The lines to repeat are those below from the one containing "Gymnastikkøller 35 cm Rød" down to the one containing "Caldwell Orange Peel", both included; reproduce them exactly and nothing else.

---- Given information

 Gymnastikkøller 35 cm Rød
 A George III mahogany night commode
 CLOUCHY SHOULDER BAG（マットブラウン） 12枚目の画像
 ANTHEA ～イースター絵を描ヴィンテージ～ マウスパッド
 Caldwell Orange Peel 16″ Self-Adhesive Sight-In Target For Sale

--------
---- Given information

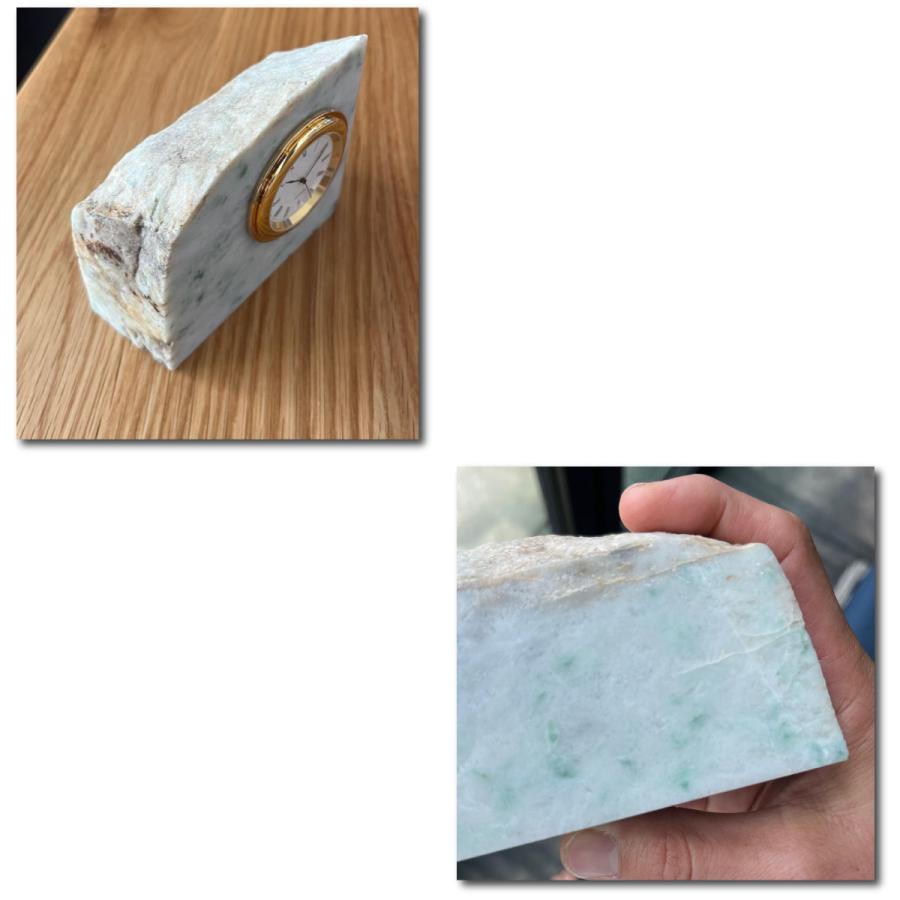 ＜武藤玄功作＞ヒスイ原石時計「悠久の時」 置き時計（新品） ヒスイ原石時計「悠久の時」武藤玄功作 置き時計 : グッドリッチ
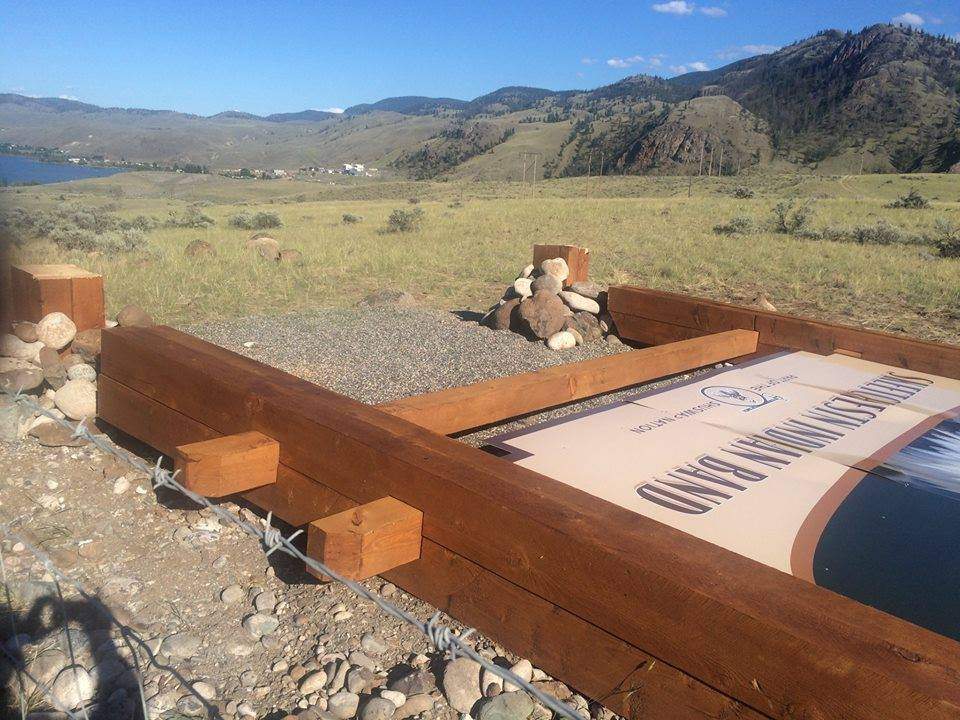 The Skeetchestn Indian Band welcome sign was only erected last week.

--------

_Finished task_:
 Gymnastikkøller 35 cm Rød
 A George III mahogany night commode
 CLOUCHY SHOULDER BAG（マットブラウン） 12枚目の画像
 ANTHEA ～イースター絵を描ヴィンテージ～ マウスパッド
 Caldwell Orange Peel 16″ Self-Adhesive Sight-In Target For Sale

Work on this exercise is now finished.